# TASK ITEM:
An exact copy of the lines of the listing below between the "v-neck long sleeve" line and the "S. Biedroń Obraz" line, both included, is the whole answer; please omit the pictures.

[[ RECORDS SHOWN open ]]

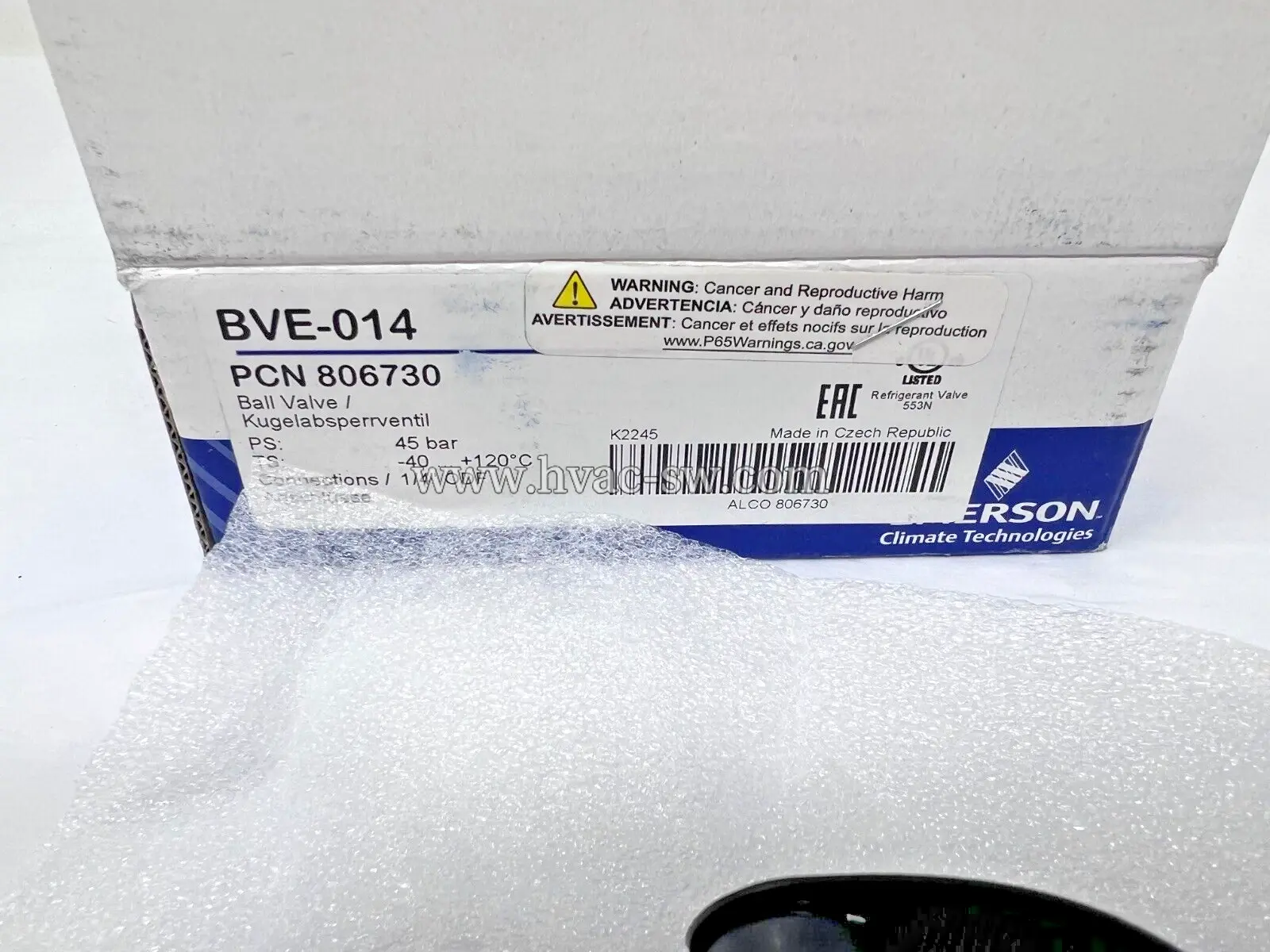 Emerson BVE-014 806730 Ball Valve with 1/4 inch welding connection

[[ RECORDS SHOWN closed ]]
[[ RECORDS SHOWN open ]]

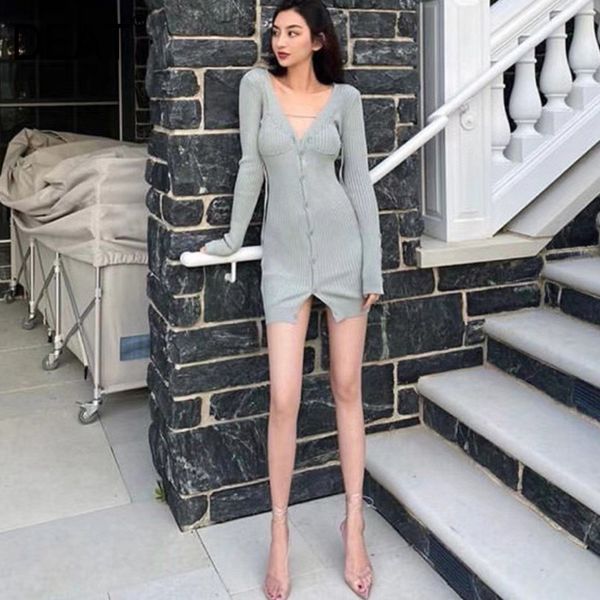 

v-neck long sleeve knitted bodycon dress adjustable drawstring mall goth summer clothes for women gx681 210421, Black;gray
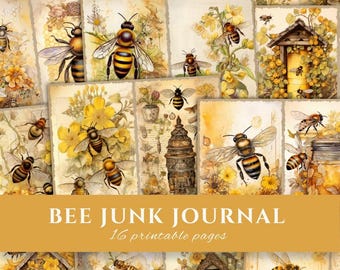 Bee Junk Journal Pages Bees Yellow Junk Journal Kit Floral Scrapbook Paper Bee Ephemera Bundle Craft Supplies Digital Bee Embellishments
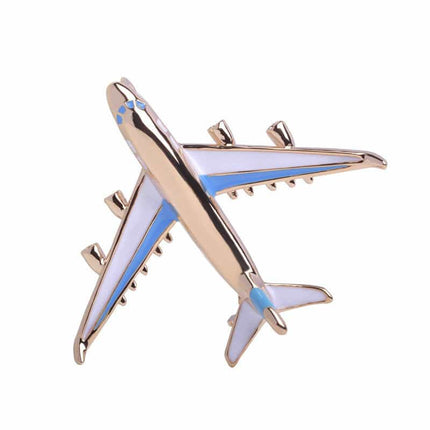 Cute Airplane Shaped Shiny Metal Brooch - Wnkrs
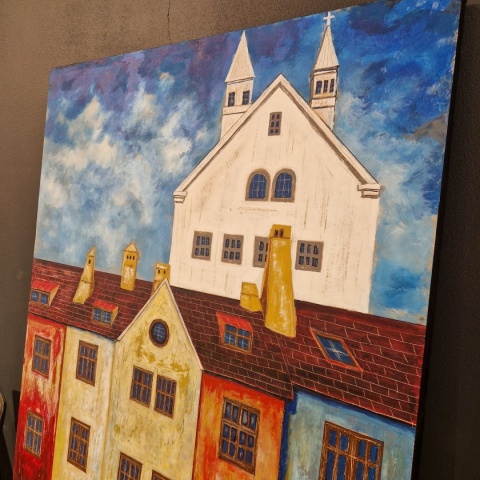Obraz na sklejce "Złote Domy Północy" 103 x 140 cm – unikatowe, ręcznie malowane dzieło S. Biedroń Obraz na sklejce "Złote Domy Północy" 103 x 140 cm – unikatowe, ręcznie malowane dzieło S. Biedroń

[[ RECORDS SHOWN closed ]]
[[ RECORDS SHOWN open ]]

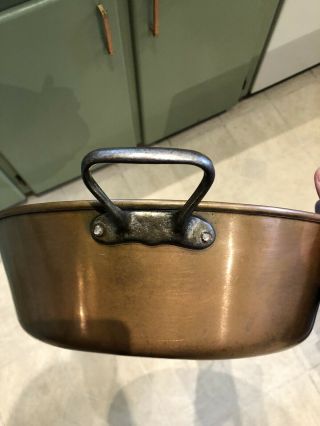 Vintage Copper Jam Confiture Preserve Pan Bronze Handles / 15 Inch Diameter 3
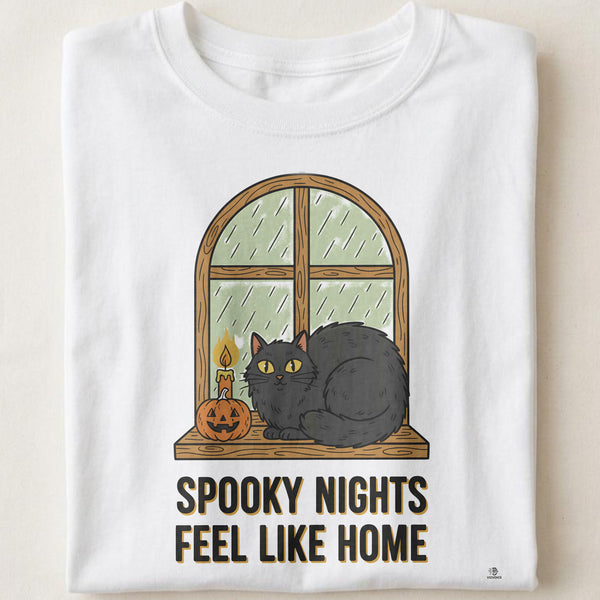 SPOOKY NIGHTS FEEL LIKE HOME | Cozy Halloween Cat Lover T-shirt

[[ RECORDS SHOWN closed ]]

# EXPECTED ANSWER:
v-neck long sleeve knitted bodycon dress adjustable drawstring mall goth summer clothes for women gx681 210421, Black;gray
 Bee Junk Journal Pages Bees Yellow Junk Journal Kit Floral Scrapbook Paper Bee Ephemera Bundle Craft Supplies Digital Bee Embellishments
 Cute Airplane Shaped Shiny Metal Brooch - Wnkrs
Obraz na sklejce "Złote Domy Północy" 103 x 140 cm – unikatowe, ręcznie malowane dzieło S. Biedroń Obraz na sklejce "Złote Domy Północy" 103 x 140 cm – unikatowe, ręcznie malowane dzieło S. Biedroń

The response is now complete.